◆ WHAT YOU NEED TO DO: Going through the data below, find how many lines include the word "page", and reply with that number alone.
BEGIN MATERIAL FOR THIS TASK
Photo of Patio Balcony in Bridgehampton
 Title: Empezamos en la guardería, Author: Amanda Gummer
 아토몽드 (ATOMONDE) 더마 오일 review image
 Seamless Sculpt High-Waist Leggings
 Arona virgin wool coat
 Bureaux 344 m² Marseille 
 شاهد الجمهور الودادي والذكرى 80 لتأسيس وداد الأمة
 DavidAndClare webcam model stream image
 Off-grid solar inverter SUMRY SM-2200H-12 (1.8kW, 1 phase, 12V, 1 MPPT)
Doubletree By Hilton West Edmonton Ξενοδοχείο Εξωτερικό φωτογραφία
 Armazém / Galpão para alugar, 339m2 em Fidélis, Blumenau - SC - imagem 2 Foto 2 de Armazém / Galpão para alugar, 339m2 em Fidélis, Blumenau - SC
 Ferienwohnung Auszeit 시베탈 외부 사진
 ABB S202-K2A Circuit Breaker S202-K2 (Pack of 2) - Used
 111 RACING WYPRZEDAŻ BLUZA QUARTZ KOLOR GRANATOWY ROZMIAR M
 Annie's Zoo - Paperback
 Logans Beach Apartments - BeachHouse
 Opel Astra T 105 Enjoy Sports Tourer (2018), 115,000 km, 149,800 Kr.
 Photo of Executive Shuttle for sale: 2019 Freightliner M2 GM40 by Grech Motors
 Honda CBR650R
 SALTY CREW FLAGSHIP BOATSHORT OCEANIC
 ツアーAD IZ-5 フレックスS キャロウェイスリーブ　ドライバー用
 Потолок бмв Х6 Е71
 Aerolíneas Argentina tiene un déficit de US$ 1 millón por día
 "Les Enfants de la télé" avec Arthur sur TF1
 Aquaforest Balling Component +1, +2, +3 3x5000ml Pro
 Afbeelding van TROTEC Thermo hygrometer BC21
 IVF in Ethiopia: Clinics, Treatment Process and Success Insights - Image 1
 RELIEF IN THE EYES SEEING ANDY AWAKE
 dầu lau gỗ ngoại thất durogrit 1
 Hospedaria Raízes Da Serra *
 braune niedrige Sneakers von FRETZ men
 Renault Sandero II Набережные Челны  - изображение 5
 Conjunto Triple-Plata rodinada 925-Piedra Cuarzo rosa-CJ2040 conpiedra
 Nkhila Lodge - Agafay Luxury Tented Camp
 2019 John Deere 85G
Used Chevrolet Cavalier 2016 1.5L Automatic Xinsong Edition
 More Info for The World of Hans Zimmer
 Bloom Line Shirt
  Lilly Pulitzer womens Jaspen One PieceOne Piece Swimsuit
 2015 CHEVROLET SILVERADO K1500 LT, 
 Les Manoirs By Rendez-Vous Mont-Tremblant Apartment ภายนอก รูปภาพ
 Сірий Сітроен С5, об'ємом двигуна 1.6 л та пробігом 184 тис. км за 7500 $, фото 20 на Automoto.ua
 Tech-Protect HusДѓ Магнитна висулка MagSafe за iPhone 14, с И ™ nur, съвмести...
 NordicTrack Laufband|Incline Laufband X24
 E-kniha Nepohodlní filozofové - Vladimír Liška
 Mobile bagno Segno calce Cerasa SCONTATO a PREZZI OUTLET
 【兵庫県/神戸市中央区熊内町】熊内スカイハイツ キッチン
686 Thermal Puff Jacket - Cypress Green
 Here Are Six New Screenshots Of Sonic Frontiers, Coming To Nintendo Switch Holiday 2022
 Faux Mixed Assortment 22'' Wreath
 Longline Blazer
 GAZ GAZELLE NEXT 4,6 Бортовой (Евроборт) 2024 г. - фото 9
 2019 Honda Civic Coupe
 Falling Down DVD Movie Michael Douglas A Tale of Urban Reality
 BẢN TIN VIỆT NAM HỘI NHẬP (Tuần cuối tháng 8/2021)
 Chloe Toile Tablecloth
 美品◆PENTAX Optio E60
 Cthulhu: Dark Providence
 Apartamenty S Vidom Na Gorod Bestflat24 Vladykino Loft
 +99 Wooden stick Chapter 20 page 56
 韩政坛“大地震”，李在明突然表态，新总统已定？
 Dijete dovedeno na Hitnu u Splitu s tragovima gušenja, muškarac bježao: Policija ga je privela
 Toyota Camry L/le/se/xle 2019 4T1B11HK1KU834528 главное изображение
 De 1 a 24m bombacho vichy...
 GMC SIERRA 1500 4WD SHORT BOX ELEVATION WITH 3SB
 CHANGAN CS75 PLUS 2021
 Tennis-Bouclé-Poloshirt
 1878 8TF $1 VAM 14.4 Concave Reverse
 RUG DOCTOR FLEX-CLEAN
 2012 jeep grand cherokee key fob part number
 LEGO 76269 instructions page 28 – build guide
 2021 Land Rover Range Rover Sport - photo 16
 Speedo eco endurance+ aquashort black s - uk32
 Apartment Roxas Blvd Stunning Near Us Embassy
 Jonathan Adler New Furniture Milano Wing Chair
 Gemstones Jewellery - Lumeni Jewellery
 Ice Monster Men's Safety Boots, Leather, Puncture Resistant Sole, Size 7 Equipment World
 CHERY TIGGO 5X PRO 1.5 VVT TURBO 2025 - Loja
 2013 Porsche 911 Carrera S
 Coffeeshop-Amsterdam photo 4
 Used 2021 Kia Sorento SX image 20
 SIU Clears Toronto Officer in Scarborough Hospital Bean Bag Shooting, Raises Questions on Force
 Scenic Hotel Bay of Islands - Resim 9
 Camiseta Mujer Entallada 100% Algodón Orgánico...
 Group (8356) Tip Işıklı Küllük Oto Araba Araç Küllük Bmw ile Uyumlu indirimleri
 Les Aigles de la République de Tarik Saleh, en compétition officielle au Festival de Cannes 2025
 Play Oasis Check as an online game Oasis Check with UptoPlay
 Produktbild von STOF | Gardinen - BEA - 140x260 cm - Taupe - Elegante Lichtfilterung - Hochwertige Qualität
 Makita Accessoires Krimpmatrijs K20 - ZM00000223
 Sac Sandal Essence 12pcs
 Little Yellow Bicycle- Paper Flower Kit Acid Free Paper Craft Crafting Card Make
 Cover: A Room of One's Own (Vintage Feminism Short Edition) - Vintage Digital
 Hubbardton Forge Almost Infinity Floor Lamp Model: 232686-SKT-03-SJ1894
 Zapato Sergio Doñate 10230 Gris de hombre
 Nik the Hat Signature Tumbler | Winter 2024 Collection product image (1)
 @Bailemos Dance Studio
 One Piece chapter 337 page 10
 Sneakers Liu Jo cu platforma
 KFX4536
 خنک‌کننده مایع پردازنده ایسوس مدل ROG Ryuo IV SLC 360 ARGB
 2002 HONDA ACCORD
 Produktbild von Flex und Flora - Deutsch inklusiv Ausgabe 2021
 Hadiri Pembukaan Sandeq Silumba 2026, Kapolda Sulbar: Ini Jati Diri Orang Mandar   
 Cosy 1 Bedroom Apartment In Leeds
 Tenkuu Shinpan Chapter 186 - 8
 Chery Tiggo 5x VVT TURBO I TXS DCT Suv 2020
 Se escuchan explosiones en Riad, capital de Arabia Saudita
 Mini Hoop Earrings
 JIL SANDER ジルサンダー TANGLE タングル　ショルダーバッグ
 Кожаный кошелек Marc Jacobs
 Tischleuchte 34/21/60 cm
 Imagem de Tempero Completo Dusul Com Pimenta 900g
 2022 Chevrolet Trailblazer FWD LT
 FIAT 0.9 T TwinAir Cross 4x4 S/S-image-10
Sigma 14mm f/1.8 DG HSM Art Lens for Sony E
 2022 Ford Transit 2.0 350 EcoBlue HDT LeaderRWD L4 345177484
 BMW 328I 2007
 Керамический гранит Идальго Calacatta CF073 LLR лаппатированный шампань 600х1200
END MATERIAL FOR THIS TASK
◆ TASK RESULT: 3